I agree. I used to lick raw chicken and other meat, just to challenge my immune system. But then the butcher asked me to stop doing that. Apparently the other customers didn’t like it.
I’m cheap so I stretch my sponge use out as much as possible. Green scrubby side. I wring it out. It gets a funky odor if I leave it wet. My sink has a little false flip down holder under the ledge that it gets stored in. I put it on the top rack of the dishwasher each time I run it which seems to keep it fresh longer. I like doing that better than the microwave.
We use a sponge and a separate scrubby thingy- a Dobie I think it’s called. We replace the sponge every few weeks, and the Dobie a week or two behind that. I squeeze the life out of the sponge when I’m done with it and hang it in the little rack thing suction-cupped to the side of the sink, but my wife leaves it soaked and soapy, sitting in the sink. Then she complains that it smells, so she runs it through the dishwasher every week. I try to tell her (my speculation) that it wouldn’t smell so much if she would wring it out, but she waves me off like I’m wearing a tinfoil hat.
I get about 3-4 months out of the blue sponges washing everything by hand, and then they go in the cleaning supplies bin. I have a milk cow, and everything I use for dairy purposes gets sanitized with bleach daily, including the sink and dishwashing apparatus. I think this is what keeps the sponges from getting nasty sooner.
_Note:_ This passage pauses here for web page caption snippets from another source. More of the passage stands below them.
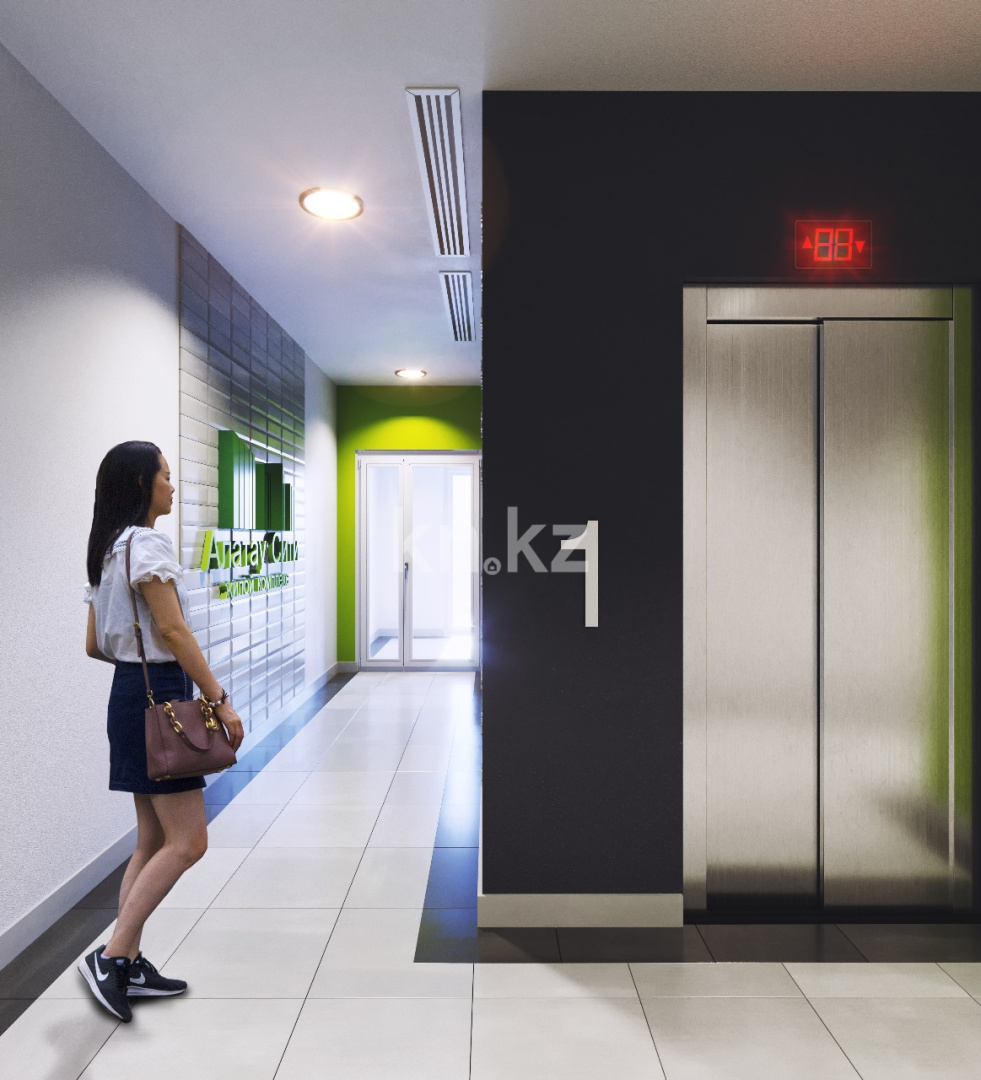 Продажа 2-комнатной квартиры, 46 м², мкр-н Дарабоз, дом  65 в Алматы - фото 12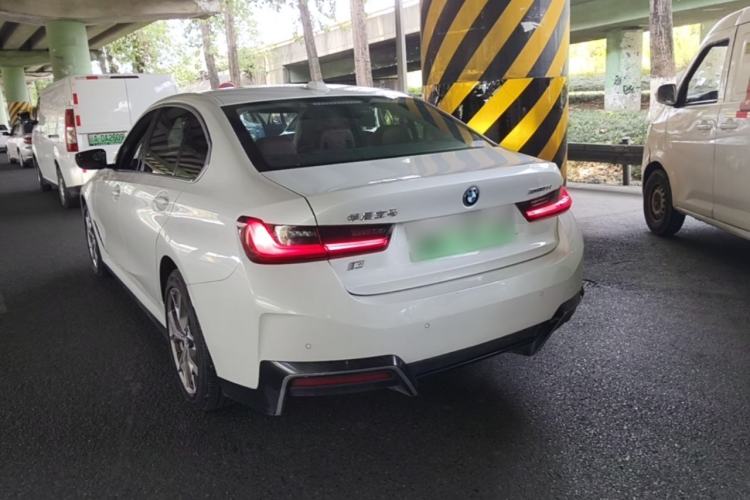Used BMW i3 2022 eDrive 35 L Rear Left 45 Deg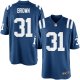 Nike Youth Indianapolis Colts Donald Brown Team Color Game Jersey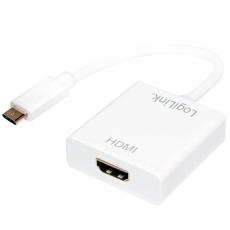 LogiLink - LogiLink USB-C -> HDMI-Hona Adapter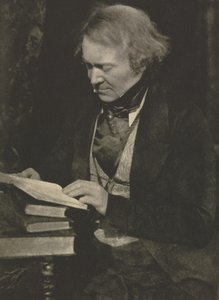 カメラワーク：リントール氏、編集者スペクテイター、1912年。 作： David Octavius Hill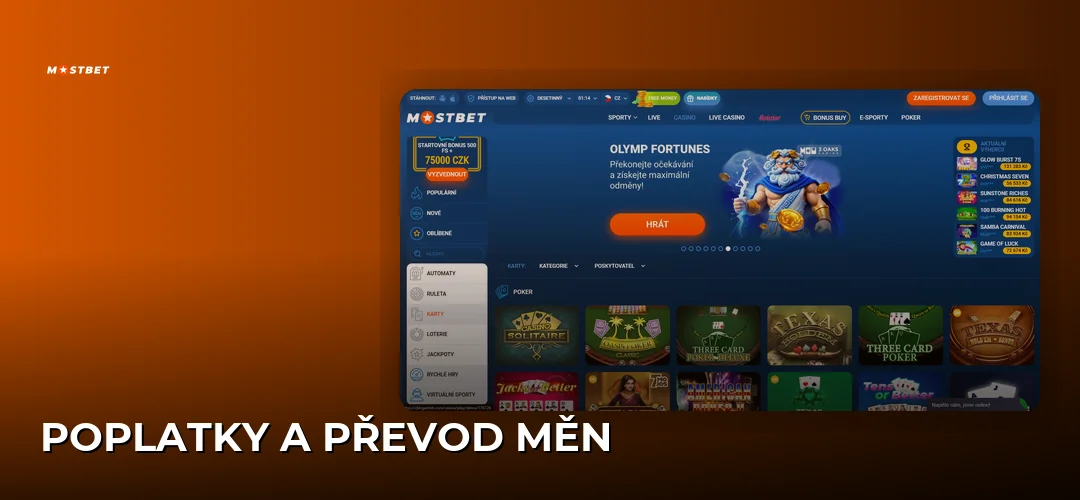 Mostbet promotional banner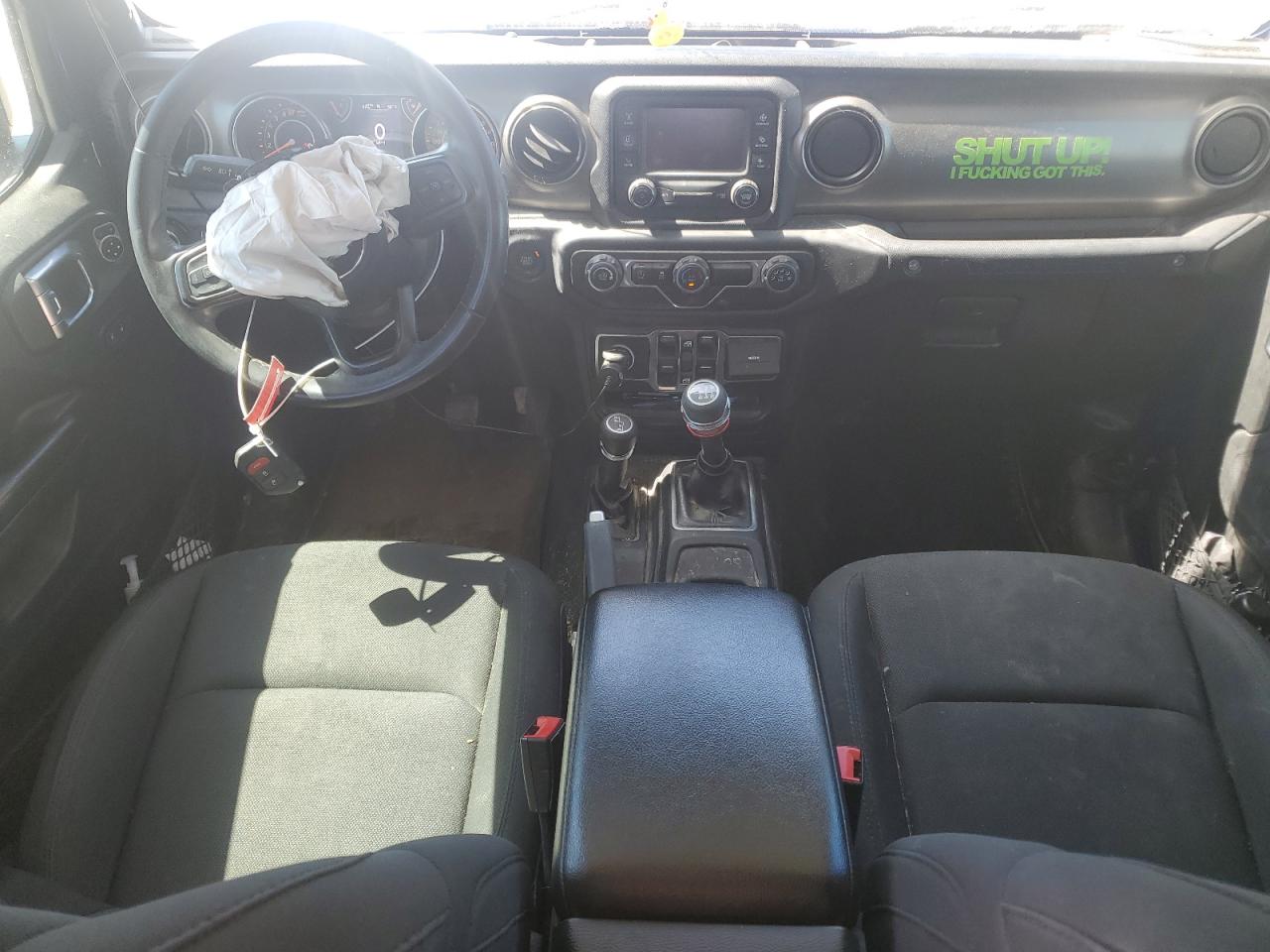 2019 Jeep Wrangler VIN 1C4HJXDG8KW631529 Copart auction photo, front end damage thumbnail 8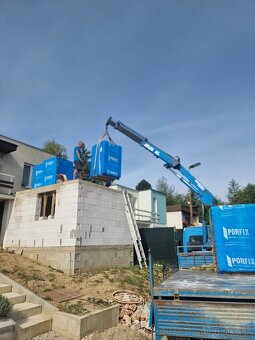 Minibager, Kontajner,Vyklapac s hydraulickou rukou - 3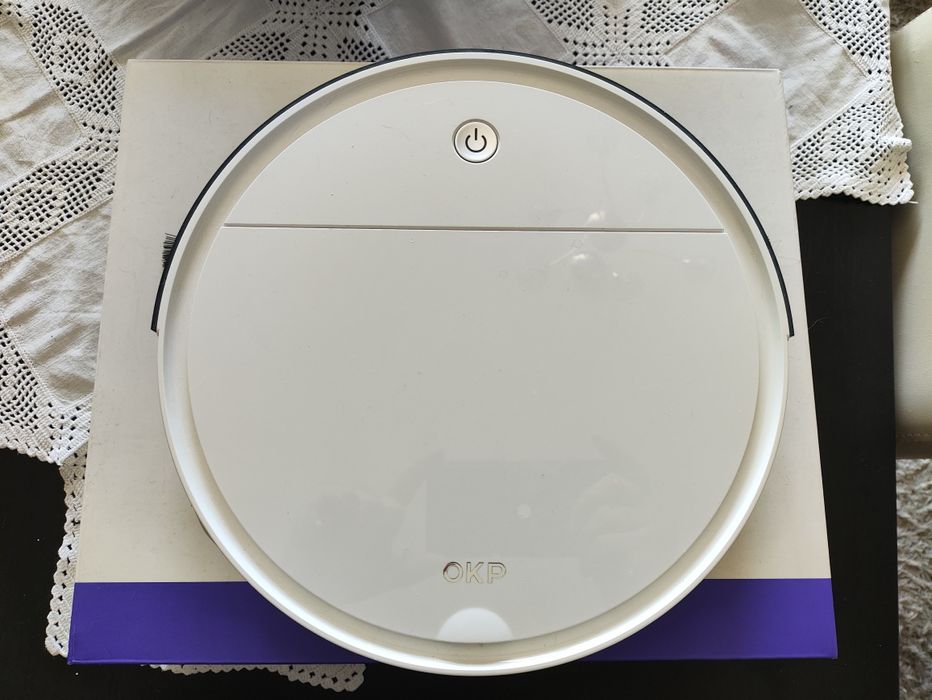 Robot aspirador OKP K5 (Como novo)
I squeeze mine out and keep it in a little suction cupped holder on the side of the sink. I use the sponge and/or a brush once or twice a day. It dries completely between uses, I’ve never bleached, microwaved, or otherwise “cleaned” any of them, and I’ve never had a smelly sponge. That’s disgusting. When I encounter a wet sponge somewhere else, that appears to be the perpetually wet kind, I’m put off by it and will often use paper towels instead to wash whatever I wanted to wash. I’m currently using some kind of beige colored “naturals” with scrubby on one side and sponge on the other. I use them until they start to fall apart. Months. No dishwasher.
I wrap a sponge-pad up in several of those net bags that onions come in, and tie them up into knots… The net bag lasts forever that way, without losing their scouring abrasiveness. I only have to replace it a couple of times a year.
Would it be possible for you to post a photo of your hinged door in front of the sink? Oh, and the little plastic tray in the door thingy? I’m on an organisational binge at the moment and this sounds neat. Probably not doable for my kitchen but I do like to steal other people’s ideas where possible.
I like to wring out the sponge (yellow foam, two sided scrubber with a gentle white scrubber on one side, and a harsher green scrubber on the other - a brand probably not available in the US) and leave it almost dry on the sink. My son, on the other hand, just leaves everything in the sink, staying wet and getting mouldy. It drives me crazy.
If you do a search for “sink front tip out tray” you’ll find a bunch of examples.
Squeezed out and stood on its end on the drainboard to dry.
I keep quite a few in rotation. Every week or so I throw the sponge in the rag hamper and the “used” sponges eventually get washed and dried in hot water with bleach with the cleaning rags. Then I stack them in a little rack on the inside of the cabinet door under my sink where they finish drying and wait for re-use. It never occurred to me to just throw them out. When they get too ratty I chuck 'em and open a new one as needed.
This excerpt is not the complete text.